Five years ago, Abbey Chandler cheated Death. She survived a horrific car accident, but her “lucky” break came at the expense of her mother’s life and changed everything. After she crossed paths with Death—by taking the hand of an ethereal boy made of clouds and sky—she would never be normal again.

Now she’s the target of Death’s ravens and an innocent boy’s life is on the line. When Nate Holden—Abbey’s secret crush—starts to climb Alaska’s Denali, the Angel of Death stalks him because of her.

And Abbey finds out the hard way that Death never forgets.

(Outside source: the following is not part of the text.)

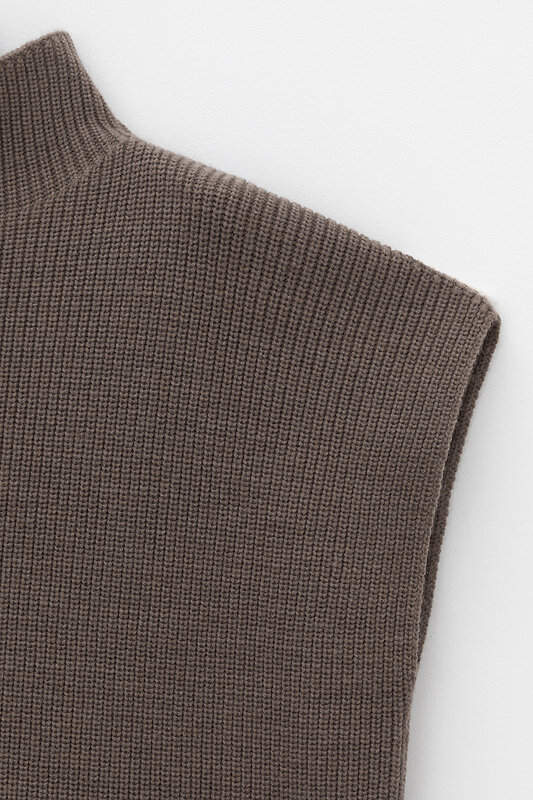 VERY NEAT Жилет 579456 ЕВ 30235/ш коричневый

Abbey Chandler cheated Death, and all she remembers of that fateful day is hearing her mother’s voice for the very last time. From that point on, everything is a blank. But that doesn’t mean that Abbey didn’t spend the last five years feeling guilty over her mother’s death. The accident was her fault. She was the one who purposely missed the bus so her Mom would pick her up. And now all that’s left are the pieces of her life, the broken shell of the man who was once her father, and an overwhelming sense of guilt. Whereas this adds a peculiar and intriguing dimension to the character – we’re all too often greeted by characters who seem to show little emotions towards their parent’s death – and made me feel instantly sympathetic to her, Abbey isn’t a likeable character. While I was reading about her mood swings, which are as common as changing clothes for her, or about how detastable she asks towards her father, I recognized a lot of myself in Abbey. At least, back when I was in the midst of puberty, and struggling to come to terms with the death of my father. Even though my dad died of a brain hemorrhage, and I had no reason whatsoever to feel guilty about it, I did go through the entire guilt phase as well. It may seem irrational, but I think it’s like that for a lot of people who lose one of their parents while they’re still a child, and then when they have to deal with it again through puberty. It was nice reading about a character I could relate to for once.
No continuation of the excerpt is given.